Would you copy exactly the lines in the data below from the one that has "Mini vaas set | glas 3 st" through the one that has "Видеообзор балансира Aqua", dropping any pictures?

==*==

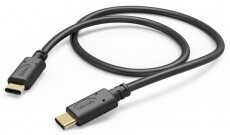 Hama USB TYPE-C/USB TYPE-C adatkábel (178392) Mobil / Kommunikáció / Smart - Mobiltelefon kiegészítő / tok - Kábel / átalakító - 335509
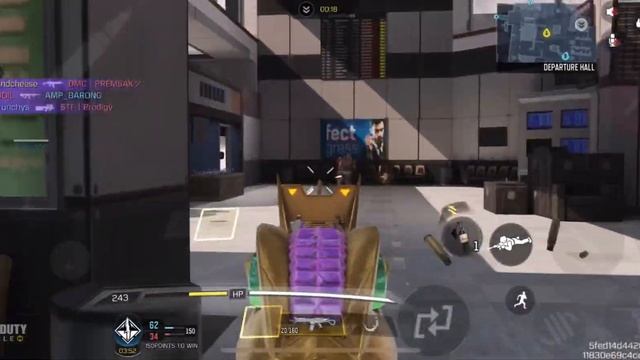 *NEW* LK24 Amethyst Serpent Can Destroy Meta Abusers In Season 1 2023 #codmobile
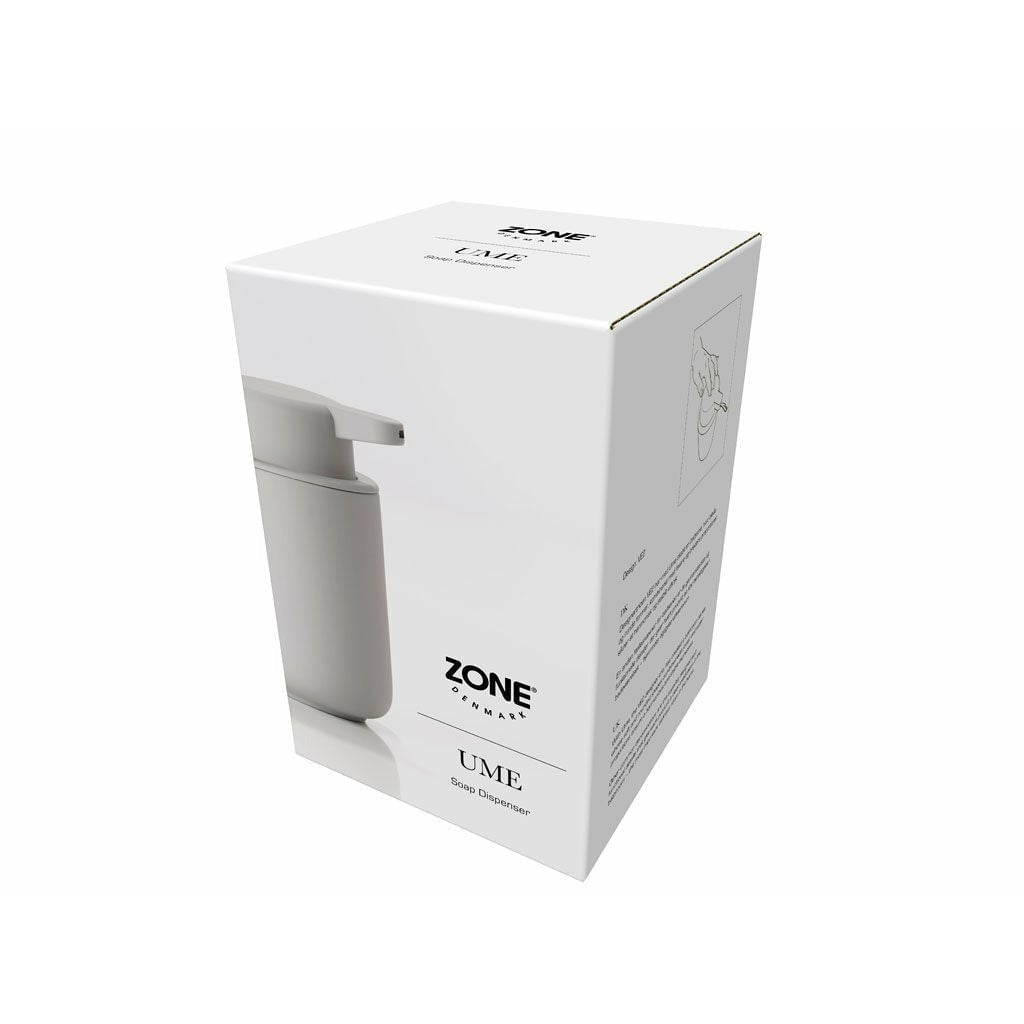 Zone Denmark Ume Soap Dispenser 0.25 L, Light Grey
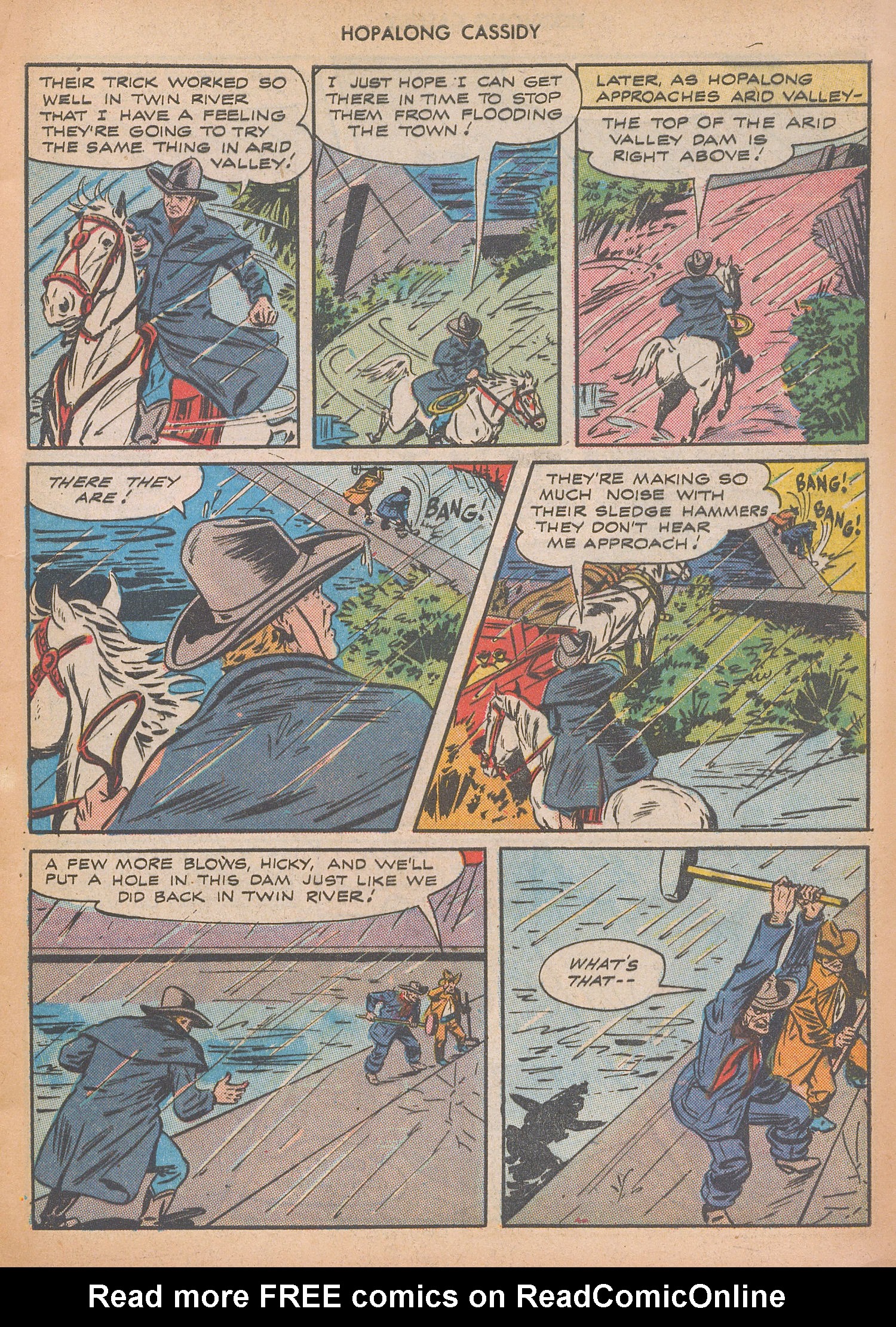 Read online Hopalong Cassidy comic -  Issue #13 - 9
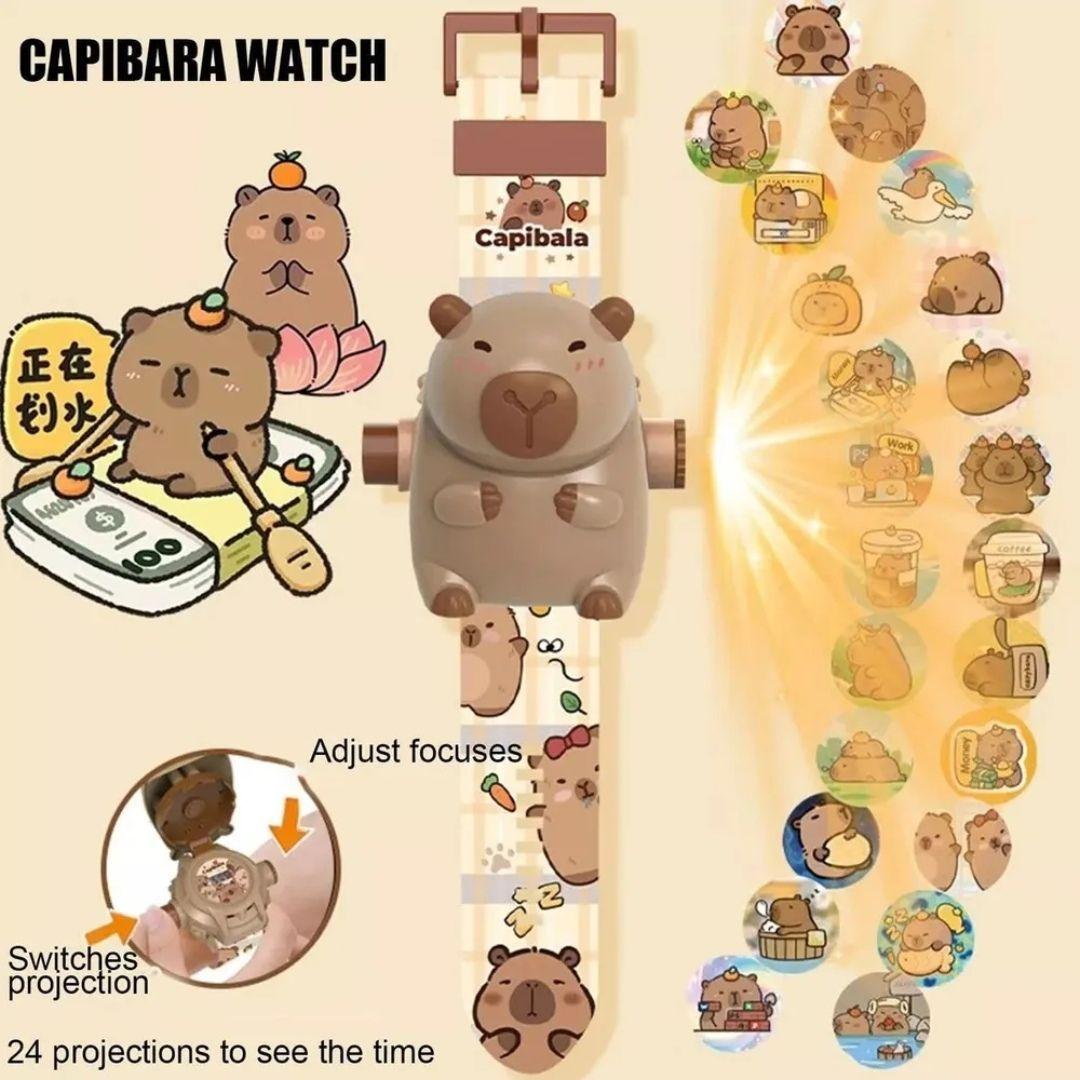 Reloj proyector Capibara-5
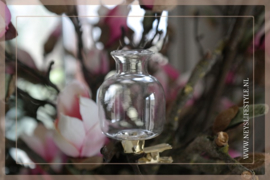 Mini vaas set | glas 3 st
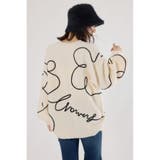 Embroideryラインロゴニットトップス | RODEO CROWNS WIDE BOWL | 詳細画像4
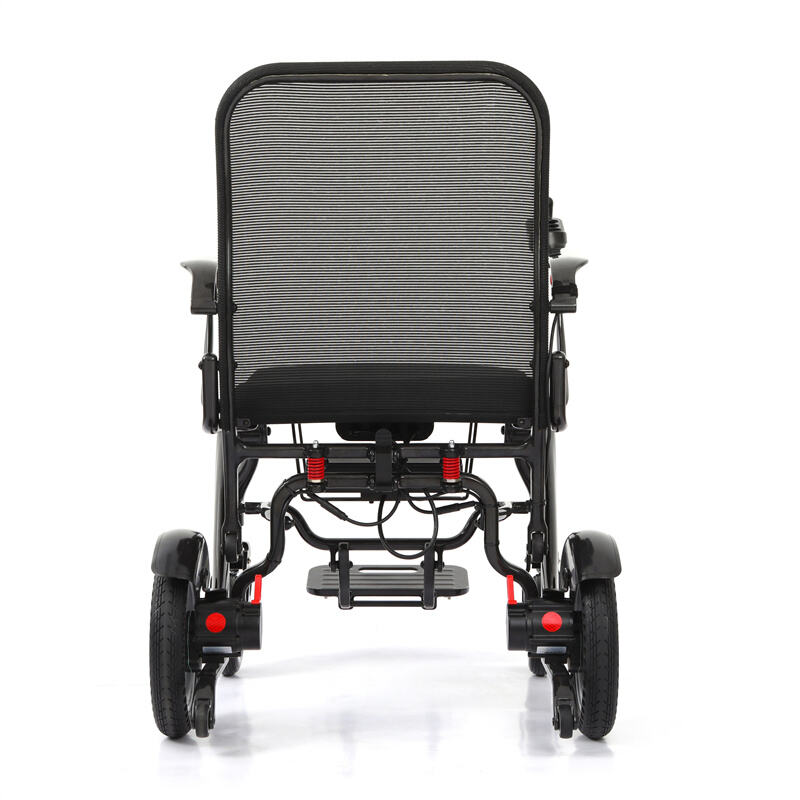 BC-EC8002-HD02 럭셔리 카본 파이버 전동 휠체어 | 프리미엄 인체공학적 디자인 및 회전 시트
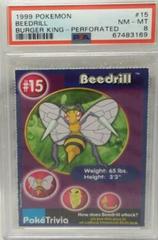 Beedrill #15 Pokemon Burger King Prices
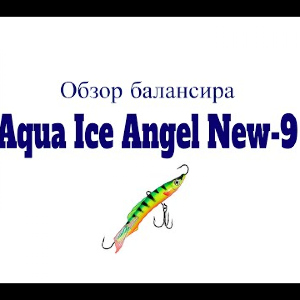Видеообзор балансира Aqua Ice Angel New-9 по заказу Fmagazin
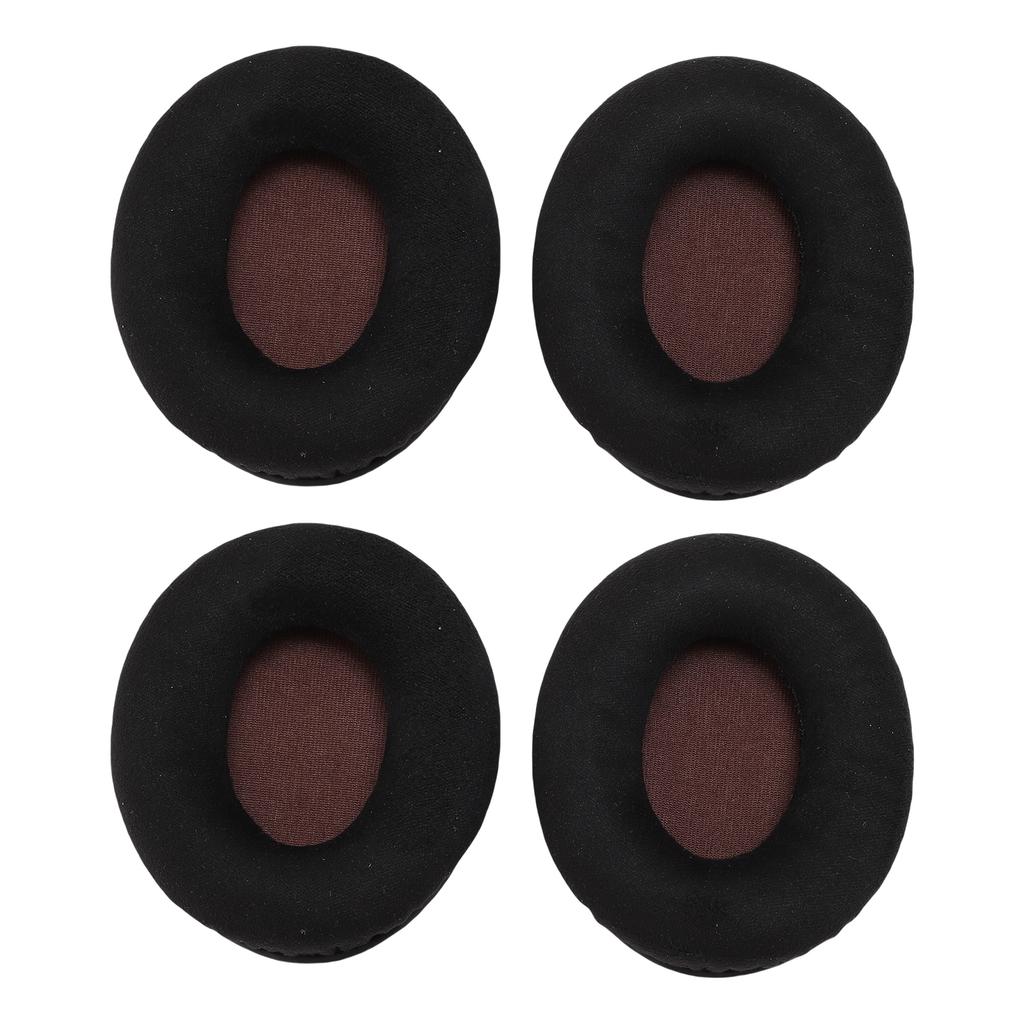 2 Pairs Ear Pads Fit for Sennheiser Momentum On Ear Headphones Microfiber Leather Sponge Headphone Earpad Cushions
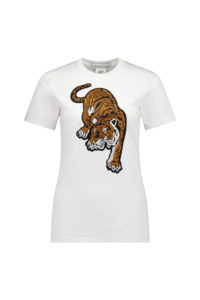 The Different League Tiger T-Shirt White (UNISEX)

==*==

■ **Your solution**
 Mini vaas set | glas 3 st
 Embroideryラインロゴニットトップス | RODEO CROWNS WIDE BOWL | 詳細画像4
 BC-EC8002-HD02 럭셔리 카본 파이버 전동 휠체어 | 프리미엄 인체공학적 디자인 및 회전 시트
 Beedrill #15 Pokemon Burger King Prices
Видеообзор балансира Aqua Ice Angel New-9 по заказу Fmagazin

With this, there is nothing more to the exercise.